Let’s take a look at this model plotted over the phased data:

(Source code, png, hires.png, pdf)

../_images/lomb_scargle-2.png

The model is clearly not a good fit for the data (RR Lyrae are much more complicated than a simple sine wave!) but the model serves a useful purpose: it gives us an accurate period determination: the key is that although the sine wave is not a good fit to the data, it is a much better fit at the correct period than it is at the incorrect period.

Configuring the Optimizer

Finding the best period requires use of an optimizer. For typical optimization problems, this is done using some sort of automated minimization scheme such as gradient descent, or perhaps via a Bayesian sampling scheme such as MCMC. Unfortunately, these typical methods fail because there are so many peaks in the periodogram frequency. Typically periodogram studies fall back on a brute force search grid, finding the grid point which maximizes the power/score.

A brute force search has two parameters that must be specified: the range of the grid, and the step spacing of the grid.

The range of the grid must be chosen based on your intuition about the data. Often people wrongly think they can use some sort of Nyquist-type limit to choose a search range (i.e. evaluating based on the minimum or mean time between subsequent observations); unfortunately this line of reasoning does not apply, even approximately, to unequally-spaced observations. This can’t be stressed enough, as such misuse of Nyquist-type arguments comes up often in the literature: The periodogram of an unequally-spaced time series is generally sensitive to periods far smaller than the minimum time between observations. Thus the search range is an entirely free parameter, which must be set by the user based on intuition about the data, and in gatspy is set via the model.optimizer.period_range parameter.

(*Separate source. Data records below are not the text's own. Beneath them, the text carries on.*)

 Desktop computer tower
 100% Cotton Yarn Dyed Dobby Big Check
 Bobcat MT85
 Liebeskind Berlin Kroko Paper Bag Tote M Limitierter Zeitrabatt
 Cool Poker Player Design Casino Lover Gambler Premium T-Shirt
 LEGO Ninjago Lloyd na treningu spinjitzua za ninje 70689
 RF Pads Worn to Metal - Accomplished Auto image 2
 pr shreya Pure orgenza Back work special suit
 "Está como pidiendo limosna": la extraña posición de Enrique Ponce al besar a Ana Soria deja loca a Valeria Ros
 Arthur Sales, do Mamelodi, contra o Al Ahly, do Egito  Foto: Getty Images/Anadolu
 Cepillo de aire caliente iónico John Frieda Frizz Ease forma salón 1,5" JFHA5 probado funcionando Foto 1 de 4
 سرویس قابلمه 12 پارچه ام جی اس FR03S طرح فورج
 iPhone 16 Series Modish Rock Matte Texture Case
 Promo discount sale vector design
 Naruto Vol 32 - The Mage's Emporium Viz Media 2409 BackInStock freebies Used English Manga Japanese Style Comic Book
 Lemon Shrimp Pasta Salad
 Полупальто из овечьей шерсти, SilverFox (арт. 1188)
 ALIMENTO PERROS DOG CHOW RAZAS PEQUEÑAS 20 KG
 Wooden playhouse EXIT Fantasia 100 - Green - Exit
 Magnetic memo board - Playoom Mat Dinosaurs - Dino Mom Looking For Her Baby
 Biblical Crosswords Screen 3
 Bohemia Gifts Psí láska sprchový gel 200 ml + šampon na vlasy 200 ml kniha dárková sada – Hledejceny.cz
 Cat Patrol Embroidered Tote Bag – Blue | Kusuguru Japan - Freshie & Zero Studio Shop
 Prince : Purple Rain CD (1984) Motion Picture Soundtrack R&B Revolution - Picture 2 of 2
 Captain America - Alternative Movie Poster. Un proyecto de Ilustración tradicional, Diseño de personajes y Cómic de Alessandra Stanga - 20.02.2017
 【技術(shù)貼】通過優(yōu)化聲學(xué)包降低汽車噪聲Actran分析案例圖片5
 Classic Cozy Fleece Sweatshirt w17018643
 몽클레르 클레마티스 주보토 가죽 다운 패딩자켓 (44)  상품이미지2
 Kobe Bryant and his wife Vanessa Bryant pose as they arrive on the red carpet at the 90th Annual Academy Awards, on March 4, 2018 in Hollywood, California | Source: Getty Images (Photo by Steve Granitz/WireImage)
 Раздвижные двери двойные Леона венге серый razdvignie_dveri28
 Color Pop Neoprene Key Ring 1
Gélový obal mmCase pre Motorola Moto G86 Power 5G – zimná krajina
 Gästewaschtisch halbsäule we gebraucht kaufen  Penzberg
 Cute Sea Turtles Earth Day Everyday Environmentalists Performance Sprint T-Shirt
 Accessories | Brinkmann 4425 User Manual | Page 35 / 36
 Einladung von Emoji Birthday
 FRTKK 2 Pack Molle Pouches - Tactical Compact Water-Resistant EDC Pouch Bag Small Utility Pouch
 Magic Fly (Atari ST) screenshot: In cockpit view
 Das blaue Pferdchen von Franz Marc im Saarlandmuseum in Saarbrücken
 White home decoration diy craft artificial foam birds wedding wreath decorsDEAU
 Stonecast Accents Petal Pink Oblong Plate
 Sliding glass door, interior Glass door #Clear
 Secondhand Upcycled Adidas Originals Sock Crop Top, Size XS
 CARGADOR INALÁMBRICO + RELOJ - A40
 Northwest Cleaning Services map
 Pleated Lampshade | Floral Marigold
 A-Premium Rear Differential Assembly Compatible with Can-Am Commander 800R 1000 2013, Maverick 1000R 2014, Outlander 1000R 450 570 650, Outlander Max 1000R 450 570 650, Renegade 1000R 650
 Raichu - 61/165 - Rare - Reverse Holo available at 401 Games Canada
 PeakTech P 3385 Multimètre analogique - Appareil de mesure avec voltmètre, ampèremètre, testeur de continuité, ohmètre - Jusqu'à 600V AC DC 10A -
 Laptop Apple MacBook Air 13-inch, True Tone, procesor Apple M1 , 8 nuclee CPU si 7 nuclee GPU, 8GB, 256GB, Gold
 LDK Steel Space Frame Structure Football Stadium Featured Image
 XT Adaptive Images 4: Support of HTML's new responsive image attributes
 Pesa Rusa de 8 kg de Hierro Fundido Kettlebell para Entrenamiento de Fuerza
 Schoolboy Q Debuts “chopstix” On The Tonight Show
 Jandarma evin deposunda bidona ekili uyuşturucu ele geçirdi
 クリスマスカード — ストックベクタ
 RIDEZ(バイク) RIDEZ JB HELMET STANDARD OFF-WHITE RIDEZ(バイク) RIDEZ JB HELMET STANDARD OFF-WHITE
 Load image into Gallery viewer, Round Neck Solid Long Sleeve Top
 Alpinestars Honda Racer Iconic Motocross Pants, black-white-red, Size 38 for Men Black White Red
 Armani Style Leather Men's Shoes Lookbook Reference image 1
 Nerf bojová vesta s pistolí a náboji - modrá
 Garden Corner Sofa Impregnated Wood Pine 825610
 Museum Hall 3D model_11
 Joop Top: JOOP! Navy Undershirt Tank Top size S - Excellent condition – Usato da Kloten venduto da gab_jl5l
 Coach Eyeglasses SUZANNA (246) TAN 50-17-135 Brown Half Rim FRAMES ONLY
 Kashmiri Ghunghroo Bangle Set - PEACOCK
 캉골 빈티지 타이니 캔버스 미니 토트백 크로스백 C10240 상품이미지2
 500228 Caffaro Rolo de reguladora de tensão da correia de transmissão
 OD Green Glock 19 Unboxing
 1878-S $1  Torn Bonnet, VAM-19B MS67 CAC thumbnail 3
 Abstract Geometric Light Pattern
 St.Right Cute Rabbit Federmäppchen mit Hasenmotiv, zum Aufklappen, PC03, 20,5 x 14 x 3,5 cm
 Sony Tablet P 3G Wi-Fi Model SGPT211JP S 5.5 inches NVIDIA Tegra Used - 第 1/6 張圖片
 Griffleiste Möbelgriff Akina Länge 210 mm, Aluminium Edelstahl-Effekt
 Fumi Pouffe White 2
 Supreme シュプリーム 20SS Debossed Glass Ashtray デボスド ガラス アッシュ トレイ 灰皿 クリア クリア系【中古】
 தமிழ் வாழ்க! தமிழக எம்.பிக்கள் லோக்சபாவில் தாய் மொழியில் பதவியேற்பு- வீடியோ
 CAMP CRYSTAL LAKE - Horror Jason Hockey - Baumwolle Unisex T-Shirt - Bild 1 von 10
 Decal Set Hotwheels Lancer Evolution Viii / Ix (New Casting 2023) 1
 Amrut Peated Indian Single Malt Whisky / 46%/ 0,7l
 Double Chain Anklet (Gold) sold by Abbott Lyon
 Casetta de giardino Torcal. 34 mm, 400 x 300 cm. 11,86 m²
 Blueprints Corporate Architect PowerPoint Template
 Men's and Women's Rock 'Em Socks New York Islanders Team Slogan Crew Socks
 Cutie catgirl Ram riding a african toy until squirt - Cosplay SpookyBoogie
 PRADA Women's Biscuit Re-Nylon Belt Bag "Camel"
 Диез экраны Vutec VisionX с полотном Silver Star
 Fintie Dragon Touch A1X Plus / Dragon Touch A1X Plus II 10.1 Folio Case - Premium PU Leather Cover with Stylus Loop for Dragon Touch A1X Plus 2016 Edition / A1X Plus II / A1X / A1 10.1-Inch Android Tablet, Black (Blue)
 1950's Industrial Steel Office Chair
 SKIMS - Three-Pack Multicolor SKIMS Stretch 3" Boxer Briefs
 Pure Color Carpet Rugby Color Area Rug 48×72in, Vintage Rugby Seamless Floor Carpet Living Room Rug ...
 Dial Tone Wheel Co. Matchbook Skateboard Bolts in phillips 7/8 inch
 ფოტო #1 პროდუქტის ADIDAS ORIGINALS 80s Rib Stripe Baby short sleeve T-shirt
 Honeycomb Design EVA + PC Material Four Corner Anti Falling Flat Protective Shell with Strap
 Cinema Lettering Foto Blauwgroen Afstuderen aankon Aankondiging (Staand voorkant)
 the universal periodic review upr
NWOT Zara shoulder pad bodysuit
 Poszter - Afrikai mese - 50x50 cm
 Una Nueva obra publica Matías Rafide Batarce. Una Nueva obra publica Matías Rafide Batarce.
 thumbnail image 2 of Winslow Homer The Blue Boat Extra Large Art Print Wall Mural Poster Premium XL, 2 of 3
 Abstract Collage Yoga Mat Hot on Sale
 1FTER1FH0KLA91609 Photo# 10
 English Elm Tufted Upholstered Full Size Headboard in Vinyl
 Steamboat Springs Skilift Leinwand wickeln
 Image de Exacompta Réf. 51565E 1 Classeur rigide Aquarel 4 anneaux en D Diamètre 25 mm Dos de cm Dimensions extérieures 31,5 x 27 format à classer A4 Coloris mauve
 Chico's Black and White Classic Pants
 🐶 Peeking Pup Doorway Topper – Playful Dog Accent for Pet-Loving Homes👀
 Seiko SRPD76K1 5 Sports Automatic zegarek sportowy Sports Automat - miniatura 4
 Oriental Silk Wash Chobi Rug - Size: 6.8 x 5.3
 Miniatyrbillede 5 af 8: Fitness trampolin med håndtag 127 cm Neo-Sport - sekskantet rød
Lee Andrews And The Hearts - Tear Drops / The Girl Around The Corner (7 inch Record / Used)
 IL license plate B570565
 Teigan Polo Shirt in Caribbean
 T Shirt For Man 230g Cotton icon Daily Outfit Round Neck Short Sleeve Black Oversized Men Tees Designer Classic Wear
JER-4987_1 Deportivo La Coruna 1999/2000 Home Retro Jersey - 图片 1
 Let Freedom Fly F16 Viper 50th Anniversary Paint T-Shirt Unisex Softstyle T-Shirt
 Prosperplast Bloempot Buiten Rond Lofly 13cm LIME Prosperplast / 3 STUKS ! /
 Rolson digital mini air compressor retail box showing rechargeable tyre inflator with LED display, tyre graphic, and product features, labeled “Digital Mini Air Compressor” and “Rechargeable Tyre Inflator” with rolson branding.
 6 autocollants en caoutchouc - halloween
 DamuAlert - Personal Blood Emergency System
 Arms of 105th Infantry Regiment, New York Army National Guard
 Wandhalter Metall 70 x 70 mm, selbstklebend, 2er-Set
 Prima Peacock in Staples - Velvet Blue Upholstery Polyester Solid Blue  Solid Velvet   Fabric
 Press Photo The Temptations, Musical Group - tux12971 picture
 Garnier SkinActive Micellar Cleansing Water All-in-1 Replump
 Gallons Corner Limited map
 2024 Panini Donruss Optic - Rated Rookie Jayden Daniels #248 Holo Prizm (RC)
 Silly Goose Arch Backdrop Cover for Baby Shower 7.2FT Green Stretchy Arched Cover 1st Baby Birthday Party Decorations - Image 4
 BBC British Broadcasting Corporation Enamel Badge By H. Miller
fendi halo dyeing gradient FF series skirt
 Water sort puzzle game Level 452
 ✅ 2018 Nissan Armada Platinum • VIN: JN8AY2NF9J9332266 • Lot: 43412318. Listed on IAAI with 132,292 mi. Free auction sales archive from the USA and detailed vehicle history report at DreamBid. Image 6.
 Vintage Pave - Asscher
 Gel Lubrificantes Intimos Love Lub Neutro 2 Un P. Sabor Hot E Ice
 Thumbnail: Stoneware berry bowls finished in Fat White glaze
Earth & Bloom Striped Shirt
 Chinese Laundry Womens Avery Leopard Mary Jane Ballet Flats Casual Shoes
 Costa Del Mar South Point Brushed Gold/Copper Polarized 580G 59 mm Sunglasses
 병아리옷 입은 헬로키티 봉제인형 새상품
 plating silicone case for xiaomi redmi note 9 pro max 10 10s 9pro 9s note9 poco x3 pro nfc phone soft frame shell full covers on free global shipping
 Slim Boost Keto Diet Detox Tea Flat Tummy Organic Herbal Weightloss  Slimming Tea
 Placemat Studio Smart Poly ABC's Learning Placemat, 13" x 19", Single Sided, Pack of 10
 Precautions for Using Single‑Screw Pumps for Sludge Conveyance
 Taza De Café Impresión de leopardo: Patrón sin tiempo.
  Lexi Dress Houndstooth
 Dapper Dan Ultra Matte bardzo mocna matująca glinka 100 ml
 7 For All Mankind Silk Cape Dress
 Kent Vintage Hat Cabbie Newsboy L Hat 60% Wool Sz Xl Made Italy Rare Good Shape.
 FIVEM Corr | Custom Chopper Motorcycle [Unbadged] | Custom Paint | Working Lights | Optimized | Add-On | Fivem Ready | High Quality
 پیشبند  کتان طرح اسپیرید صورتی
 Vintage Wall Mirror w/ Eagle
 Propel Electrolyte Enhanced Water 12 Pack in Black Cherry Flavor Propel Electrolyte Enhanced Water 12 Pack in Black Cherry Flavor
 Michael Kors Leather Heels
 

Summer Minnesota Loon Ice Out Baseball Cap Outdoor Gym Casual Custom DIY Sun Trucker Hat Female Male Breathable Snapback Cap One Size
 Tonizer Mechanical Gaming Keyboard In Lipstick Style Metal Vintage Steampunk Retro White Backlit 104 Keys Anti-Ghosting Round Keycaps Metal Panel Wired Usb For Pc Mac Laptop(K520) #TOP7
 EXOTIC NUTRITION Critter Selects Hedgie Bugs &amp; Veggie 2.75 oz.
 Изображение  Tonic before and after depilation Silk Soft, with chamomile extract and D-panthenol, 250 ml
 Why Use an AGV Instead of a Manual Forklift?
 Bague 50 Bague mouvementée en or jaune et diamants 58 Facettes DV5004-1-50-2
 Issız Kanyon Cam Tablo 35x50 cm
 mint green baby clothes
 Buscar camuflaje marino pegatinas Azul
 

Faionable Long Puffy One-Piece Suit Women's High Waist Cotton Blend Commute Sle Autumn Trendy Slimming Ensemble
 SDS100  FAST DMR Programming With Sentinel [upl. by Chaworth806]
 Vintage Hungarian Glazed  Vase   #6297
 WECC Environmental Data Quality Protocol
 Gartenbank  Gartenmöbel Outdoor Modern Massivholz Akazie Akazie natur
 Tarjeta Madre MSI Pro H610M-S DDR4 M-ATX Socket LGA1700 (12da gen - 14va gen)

The spacing of the grid is easier to determine automatically. The grid spacing must be much smaller than the width a typical periodogram peak, or you risk entirely missing peaks within the scan. The typical width of a periodogram peak is inversely proportional to the range of the data; that is, if the first observation is at t_{min} and the last observation is at t_{max}, then the peak width in frequency is approximately

\Delta f = 2\pi/(t_{max} - t_{min}).

The grid should be chosen such that multiple grid poins cover each potential peak, so we need to choose an oversampling factor (say, 5) and compute the grid based on this.

We can see all of this in play when we ask the model for the best period. Since we’re looking at RR Lyrae which have typical periods of around 0.5 days, we’ll choose a range around this. Note that the units of period_range should match the units of the times passed to the fit() algorithm. Here the input times are in days, so the period_range is specified as (min_period, max_period) in days:

In [17]: model = periodic.LombScargleFast(fit_period=True)

In [18]: model.optimizer.period_range = (0.2, 1.2)

In [19]: model.fit(t_r, mag_r, dmag_r);

In [20]: model.best_period
Out[20]: 0.61431661211675215

These values can be adjusted via the optimizer argument to the model; this can be done either at or after instantiation. After instantiation is the preferred pattern for the default optimizer:

In [21]: model = periodic.LombScargleFast(fit_period=True)

In [22]: model.optimizer.set(period_range=(0.5, 0.7), first_pass_coverage=10)

In [23]: model.fit(t_r, mag_r, dmag_r);

In [24]: model.best_period
Out[24]: 0.61430890466467969

Before you do any period optimization, be sure to set these quantities appropriately! And note that becuase the grid spacing is equal in frequency, probing small periods (high frequencies) is much more expensive than probing large periods (small frequencies).